Byline: JOANNA RAMEY
WASHINGTON — Retail prices for women’s apparel increased a seasonally adjusted 0.9 percent in June from May while prices for all consumer goods rose 0.3 percent, the Labor Department reported Wednesday. Although women’s apparel prices for the month accelerated faster than goods in the overall economy, for the year ended in June inflation in the industry remains low. Retail prices for women’s apparel last month were up 2 percent from June 1993, less than the 2.5 percent increase for all finished goods.
For U.S.-produced women’s apparel, wholesale prices last month fell. On Tuesday, the Labor Department said wholesale prices on women’s apparel in June fell 0.8 percent from May, while prices for all finished goods were unchanged. Wholesale prices for women’s apparel last month fell 0.7 percent from June 1993 while producer prices for all finished goods showed no movement.
Economists said both price reports reflect a healthy, growing economy. The retail price report, in particular, should reduce the Federal Reserve’s fears of inflation and the need to further raise interest rates, they said.
“All in all, it’s not a bad performance from an index that in all likelihood overstates the degree of inflationary pressure on the economy,” said Martin A. Regalia, chief economist with the U.S. Chamber of Commerce, in a statement.

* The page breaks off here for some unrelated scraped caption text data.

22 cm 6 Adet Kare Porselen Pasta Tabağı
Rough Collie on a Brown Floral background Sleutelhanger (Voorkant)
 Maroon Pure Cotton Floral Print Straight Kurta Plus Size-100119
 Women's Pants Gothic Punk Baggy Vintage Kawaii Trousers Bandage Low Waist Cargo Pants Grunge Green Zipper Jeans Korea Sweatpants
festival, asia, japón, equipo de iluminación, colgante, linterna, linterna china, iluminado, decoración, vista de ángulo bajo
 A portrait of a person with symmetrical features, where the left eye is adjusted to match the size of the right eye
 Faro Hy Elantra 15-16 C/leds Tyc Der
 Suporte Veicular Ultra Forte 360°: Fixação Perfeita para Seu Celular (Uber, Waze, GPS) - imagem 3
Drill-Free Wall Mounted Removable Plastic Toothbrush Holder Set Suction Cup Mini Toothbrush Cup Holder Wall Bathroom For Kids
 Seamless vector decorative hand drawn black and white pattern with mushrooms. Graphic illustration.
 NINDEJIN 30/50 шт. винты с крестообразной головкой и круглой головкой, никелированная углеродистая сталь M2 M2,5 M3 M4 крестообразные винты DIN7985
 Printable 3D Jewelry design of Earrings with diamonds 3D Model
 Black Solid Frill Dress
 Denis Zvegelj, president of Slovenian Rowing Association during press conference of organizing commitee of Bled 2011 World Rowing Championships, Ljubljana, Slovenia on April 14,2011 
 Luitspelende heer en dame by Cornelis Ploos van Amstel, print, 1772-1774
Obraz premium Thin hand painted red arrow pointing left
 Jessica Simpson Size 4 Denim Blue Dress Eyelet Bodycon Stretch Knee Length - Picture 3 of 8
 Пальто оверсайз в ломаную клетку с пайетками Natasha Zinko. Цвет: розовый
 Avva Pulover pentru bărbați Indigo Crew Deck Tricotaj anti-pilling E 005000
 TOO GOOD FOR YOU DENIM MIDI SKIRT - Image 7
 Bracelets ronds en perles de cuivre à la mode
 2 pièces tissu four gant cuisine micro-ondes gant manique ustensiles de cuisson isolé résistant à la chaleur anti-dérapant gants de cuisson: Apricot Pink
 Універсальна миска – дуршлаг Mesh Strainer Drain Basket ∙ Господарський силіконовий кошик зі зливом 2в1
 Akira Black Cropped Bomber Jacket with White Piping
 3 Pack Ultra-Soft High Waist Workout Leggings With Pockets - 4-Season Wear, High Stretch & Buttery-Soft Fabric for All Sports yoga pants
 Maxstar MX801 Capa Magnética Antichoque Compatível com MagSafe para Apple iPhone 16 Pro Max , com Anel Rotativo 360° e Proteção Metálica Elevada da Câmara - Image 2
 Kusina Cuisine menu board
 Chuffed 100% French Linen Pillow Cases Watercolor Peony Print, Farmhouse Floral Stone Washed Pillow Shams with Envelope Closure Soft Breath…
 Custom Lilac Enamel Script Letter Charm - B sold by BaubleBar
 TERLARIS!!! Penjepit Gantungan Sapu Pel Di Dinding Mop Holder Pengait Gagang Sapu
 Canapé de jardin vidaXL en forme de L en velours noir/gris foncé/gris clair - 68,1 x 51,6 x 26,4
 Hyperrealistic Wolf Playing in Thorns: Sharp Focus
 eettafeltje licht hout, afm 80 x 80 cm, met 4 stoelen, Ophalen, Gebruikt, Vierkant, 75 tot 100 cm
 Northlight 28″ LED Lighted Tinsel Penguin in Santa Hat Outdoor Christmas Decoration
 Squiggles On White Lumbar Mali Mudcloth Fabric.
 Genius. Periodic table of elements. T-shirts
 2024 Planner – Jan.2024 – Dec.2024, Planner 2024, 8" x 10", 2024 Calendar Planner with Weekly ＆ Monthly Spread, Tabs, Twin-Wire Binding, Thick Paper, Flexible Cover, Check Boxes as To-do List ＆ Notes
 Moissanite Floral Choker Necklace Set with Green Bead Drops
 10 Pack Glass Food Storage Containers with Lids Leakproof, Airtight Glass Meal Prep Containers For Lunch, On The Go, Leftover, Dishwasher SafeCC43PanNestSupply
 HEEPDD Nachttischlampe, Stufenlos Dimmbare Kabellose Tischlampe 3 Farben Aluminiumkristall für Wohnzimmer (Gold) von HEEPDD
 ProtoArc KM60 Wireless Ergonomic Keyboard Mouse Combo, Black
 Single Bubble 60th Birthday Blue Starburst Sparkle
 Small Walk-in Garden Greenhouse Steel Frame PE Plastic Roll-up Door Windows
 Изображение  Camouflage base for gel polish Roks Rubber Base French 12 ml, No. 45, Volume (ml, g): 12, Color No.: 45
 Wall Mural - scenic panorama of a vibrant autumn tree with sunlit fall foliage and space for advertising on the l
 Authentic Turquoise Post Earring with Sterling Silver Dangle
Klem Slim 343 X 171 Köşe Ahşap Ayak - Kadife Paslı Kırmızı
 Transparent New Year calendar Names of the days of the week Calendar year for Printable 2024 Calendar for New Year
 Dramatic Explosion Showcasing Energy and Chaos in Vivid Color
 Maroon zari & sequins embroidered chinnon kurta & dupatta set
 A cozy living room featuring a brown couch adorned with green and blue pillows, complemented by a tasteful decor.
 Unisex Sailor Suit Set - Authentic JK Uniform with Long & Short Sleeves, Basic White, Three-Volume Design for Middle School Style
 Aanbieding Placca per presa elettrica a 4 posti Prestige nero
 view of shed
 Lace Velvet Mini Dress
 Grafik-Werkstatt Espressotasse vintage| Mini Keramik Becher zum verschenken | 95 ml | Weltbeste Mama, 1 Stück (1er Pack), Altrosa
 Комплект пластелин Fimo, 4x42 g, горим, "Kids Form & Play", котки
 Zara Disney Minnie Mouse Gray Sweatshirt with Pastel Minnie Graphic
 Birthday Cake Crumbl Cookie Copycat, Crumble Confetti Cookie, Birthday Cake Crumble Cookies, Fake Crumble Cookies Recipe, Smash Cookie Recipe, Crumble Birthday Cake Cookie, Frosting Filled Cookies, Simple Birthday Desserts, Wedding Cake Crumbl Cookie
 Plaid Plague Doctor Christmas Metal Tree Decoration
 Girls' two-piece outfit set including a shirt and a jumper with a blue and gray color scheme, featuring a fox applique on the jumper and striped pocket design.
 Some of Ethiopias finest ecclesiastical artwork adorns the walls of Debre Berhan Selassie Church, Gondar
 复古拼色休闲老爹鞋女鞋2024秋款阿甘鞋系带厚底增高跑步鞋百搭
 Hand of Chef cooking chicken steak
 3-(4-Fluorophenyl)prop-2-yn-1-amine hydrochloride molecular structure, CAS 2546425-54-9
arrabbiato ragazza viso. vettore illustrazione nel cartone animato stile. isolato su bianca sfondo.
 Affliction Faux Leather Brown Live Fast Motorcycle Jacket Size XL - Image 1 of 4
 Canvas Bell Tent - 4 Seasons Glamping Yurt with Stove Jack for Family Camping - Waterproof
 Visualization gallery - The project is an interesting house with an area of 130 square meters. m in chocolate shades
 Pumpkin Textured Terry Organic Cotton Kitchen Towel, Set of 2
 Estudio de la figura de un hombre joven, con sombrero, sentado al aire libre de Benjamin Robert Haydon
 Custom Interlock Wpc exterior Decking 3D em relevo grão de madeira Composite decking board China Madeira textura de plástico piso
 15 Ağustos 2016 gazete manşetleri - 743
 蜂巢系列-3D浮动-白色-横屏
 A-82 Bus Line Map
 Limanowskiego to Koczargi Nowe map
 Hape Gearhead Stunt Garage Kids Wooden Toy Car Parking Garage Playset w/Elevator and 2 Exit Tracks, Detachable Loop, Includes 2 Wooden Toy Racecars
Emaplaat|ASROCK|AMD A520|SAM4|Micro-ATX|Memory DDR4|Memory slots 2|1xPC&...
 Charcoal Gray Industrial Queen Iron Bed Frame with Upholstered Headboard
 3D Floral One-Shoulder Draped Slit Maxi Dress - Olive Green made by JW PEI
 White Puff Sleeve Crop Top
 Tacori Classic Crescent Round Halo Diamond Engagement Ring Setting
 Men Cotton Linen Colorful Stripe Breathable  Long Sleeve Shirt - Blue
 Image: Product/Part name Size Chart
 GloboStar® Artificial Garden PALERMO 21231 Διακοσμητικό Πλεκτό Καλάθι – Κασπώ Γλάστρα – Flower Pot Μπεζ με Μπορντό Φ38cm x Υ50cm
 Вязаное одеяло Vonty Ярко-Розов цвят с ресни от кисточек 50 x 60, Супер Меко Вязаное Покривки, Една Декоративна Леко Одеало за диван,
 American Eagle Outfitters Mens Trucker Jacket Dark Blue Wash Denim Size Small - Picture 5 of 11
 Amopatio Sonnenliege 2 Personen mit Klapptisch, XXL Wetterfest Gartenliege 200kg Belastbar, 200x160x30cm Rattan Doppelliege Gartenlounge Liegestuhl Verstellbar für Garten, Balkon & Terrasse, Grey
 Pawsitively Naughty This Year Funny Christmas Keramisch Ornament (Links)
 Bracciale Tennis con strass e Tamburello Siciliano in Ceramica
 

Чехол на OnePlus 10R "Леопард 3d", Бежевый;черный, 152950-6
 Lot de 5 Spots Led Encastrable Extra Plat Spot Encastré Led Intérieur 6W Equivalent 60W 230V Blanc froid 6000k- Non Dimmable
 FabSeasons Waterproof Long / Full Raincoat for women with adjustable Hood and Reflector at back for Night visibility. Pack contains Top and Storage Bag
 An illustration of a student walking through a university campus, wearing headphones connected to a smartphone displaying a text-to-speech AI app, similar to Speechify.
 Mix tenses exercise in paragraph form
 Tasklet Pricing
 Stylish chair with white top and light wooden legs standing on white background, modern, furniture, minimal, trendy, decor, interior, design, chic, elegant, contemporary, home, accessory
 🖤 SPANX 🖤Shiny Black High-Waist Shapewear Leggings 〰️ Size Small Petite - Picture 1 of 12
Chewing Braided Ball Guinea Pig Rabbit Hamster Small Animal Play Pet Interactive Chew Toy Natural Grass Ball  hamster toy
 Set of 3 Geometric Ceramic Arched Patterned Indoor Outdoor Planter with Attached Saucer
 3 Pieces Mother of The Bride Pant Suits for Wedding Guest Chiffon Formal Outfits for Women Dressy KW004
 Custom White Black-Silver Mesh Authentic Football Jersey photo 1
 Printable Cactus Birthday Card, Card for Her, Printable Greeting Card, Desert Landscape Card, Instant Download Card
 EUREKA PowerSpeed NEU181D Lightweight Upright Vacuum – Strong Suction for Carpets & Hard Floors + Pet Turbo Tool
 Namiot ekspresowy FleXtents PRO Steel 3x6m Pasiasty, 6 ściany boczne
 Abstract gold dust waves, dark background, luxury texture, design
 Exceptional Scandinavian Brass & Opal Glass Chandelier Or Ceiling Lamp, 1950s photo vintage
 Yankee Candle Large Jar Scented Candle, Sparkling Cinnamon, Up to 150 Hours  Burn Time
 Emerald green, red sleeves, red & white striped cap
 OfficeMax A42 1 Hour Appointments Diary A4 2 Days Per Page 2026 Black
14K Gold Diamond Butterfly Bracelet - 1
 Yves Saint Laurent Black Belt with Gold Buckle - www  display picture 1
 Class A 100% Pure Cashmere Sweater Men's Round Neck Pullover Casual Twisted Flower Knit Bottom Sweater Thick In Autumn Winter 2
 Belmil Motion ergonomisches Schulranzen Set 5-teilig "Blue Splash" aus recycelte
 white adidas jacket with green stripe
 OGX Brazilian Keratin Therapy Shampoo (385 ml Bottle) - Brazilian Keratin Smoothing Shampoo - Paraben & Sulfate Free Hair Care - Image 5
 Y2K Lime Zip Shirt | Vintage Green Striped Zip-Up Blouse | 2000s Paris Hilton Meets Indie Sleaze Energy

A Labor analyst said women’s apparel prices at retail may appear to have jumped in June, but the increase actually reflects a reduction of the number of sale items that were already deeply discounted when introduced.
For all apparel, retail prices in June increased 0.7 percent against May and were up 1.3 percent from year-ago levels, as prices for girls’ apparel increased 0.9 percent for the month and were up 1.5 percent for the 12 months. Retail prices for men’s apparel increased 0.1 percent in June and declined 0.5 percent over the year.
Among the various categories of women’s apparel, suits experienced the largest monthly retail price increase, rising 2.6 percent for the month, followed by coats and jackets, which increased 1.3 percent, and dresses, up 1.1 percent. Over the 12-month period, retail prices for suits increased 3.6 percent as prices for coats and jackets declined 1 percent and dresses were up 0.1 percent.
Meanwhile, wholesale prices for all domestically produced apparel dropped 0.2 percent for the month and were up 0.2 percent for the year. Producer prices for girls’, children’s and infant apparel declined 0.6 percent in June and were up 1.4 percent over the year, as prices for men’s and boys’ apparel remained unchanged for the month and were up 0.6 percent from year-ago levels.
Women’s apparel categories with large wholesale price swings included sweaters, jackets and jerseys, down 2.1 percent for the month and up 0.6 percent over the year, and dresses, down 3.3 percent in June and down 5.2 percent from June 1993. Wholesale prices for slacks, jeans and dungarees declined 0.1 percent for the month and were down 2.5 percent over the 12-month period.
A Labor analyst said the lack of inflation for U.S.-made textiles has helped keep apparel producers’ costs down as well.
Wholesale prices for domestic textiles increased just under 0.2 percent in June and were up just more than 0.2 percent from year-ago levels.
Low inflation in the textile industry continues to occur despite a steady rise in polyester prices, as well as raw cotton prices, which were up 0.2 percent for the month and up 43 percent from June 1993.
Dave Link, economist with the American Textile Manufacturers Institute, said increased production in the industry due to improved technology and other efficiencies have allowed mills to absorb these additional costs.
“They are in a more competitive position,” Link said, noting how shipments per worker were up 3.6 percent for the first five months of 1994 against the same period in 1993.
Meanwhile, finished fabric prices were down 0.3 percent in June against May and were up 0.6 percent over the year, while gray goods prices were unchanged for the month and declined 2.2 percent from June 1993. Man-made fiber prices were up 0.9 percent for the month and were down 0.3 percent over the year, as prices for processed yarns and threads were up 0.2 percent in June and were down 0.2 percent since June 1993.